Information provided:
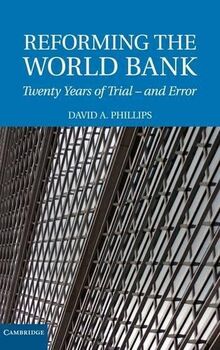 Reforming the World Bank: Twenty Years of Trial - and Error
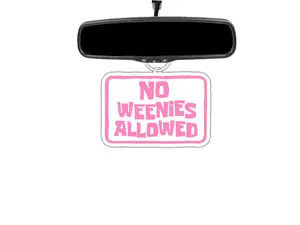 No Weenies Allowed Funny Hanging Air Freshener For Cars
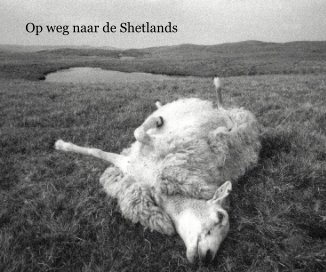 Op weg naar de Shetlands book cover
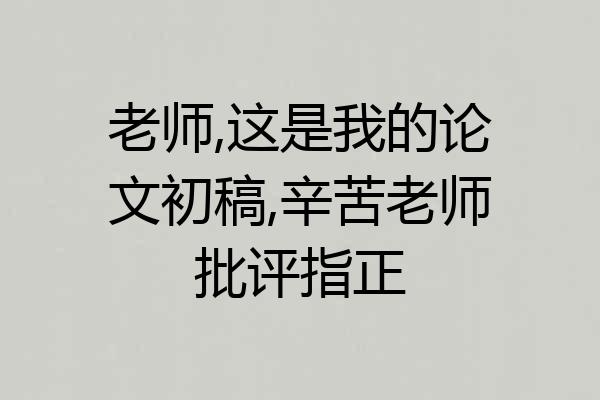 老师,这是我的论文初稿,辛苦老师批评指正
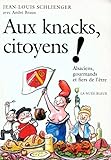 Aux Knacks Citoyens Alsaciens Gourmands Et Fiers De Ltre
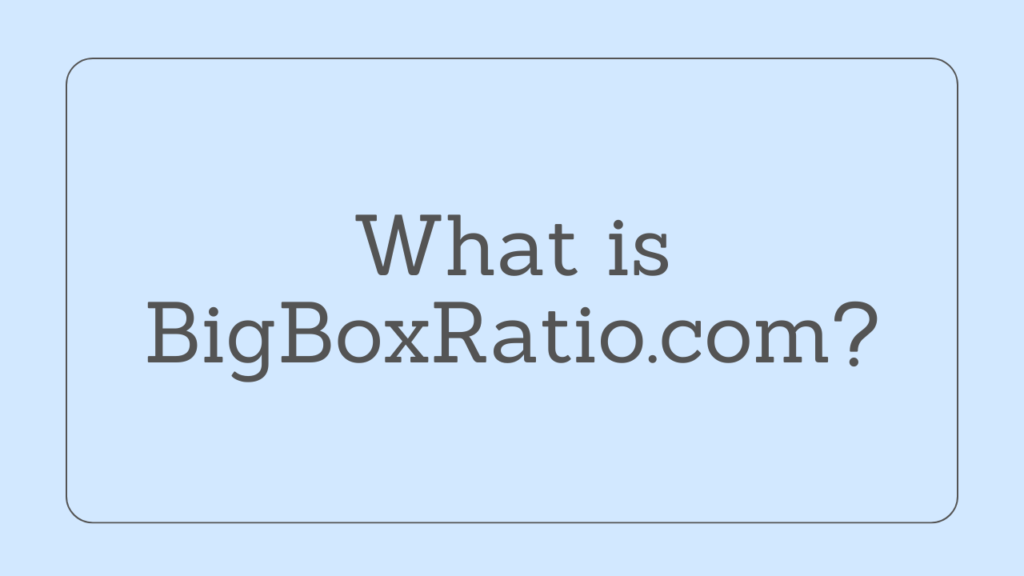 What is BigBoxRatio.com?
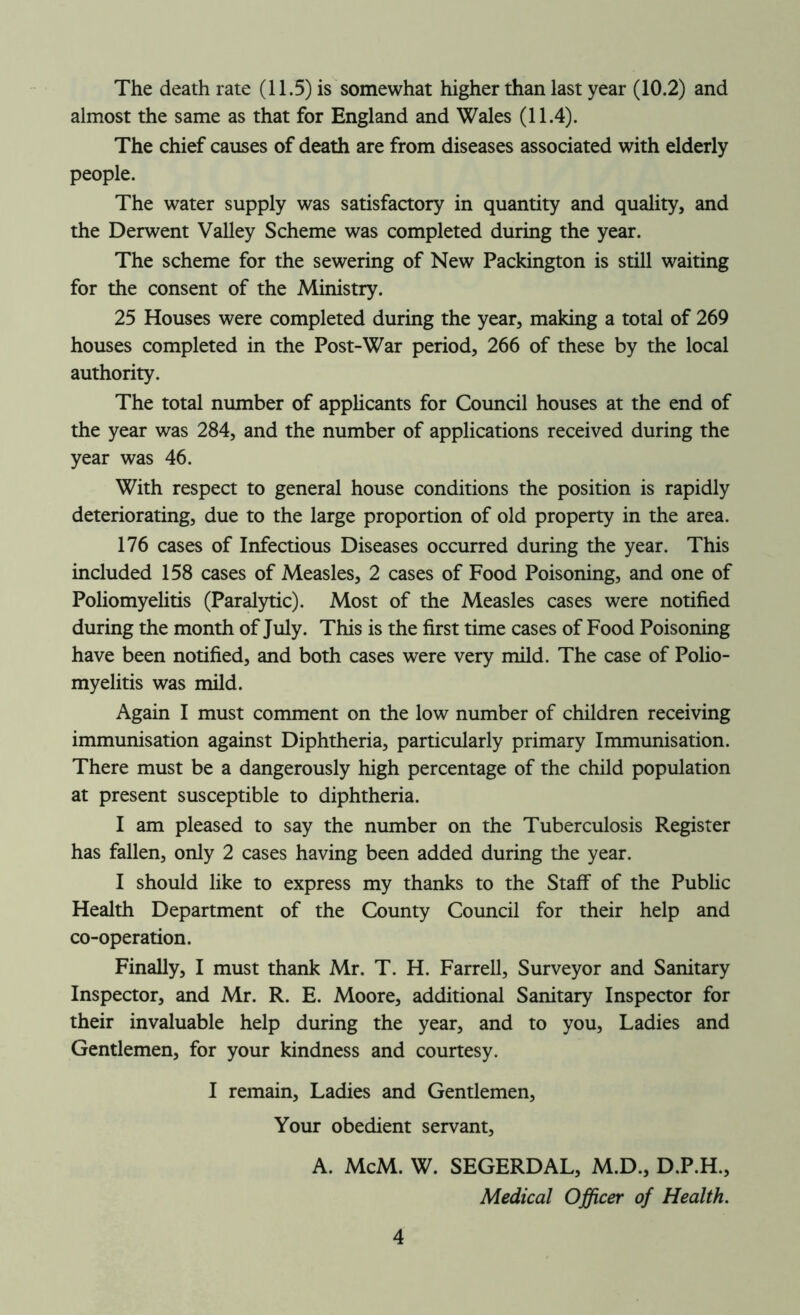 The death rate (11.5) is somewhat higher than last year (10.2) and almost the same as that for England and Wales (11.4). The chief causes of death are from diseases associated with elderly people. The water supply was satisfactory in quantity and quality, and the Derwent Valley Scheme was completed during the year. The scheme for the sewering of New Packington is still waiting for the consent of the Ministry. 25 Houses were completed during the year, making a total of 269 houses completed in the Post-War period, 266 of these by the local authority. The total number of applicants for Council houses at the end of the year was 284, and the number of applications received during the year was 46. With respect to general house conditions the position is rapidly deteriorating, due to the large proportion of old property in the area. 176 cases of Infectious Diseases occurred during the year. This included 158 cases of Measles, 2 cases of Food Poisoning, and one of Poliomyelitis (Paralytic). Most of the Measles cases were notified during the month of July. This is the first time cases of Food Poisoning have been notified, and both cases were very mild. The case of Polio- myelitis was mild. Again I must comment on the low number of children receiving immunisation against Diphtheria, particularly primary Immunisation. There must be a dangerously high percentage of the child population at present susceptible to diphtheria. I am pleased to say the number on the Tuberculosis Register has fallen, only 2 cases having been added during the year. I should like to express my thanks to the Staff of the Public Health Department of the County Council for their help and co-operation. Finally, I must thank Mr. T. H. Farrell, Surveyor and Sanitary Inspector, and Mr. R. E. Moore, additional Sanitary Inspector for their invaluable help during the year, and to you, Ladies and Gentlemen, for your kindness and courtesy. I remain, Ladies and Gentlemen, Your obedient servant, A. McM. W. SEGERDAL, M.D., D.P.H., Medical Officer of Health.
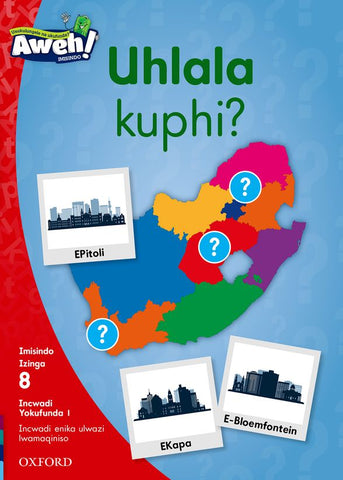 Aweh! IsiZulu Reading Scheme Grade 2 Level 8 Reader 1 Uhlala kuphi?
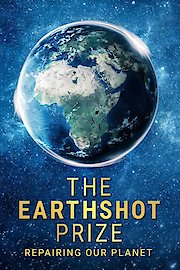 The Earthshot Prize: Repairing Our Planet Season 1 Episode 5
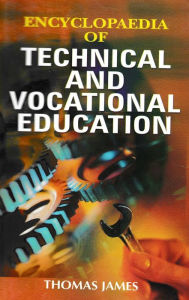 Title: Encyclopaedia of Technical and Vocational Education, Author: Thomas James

Directions for this task: Above are some records. Output exactly the lines from the one that contains "No Weenies Allowed" to the one that contains "What is BigBoxRatio.com?", keeping both, and omit the pictures.

Response box:
 No Weenies Allowed Funny Hanging Air Freshener For Cars
 Op weg naar de Shetlands book cover
 老师,这是我的论文初稿,辛苦老师批评指正
 Aux Knacks Citoyens Alsaciens Gourmands Et Fiers De Ltre
 What is BigBoxRatio.com?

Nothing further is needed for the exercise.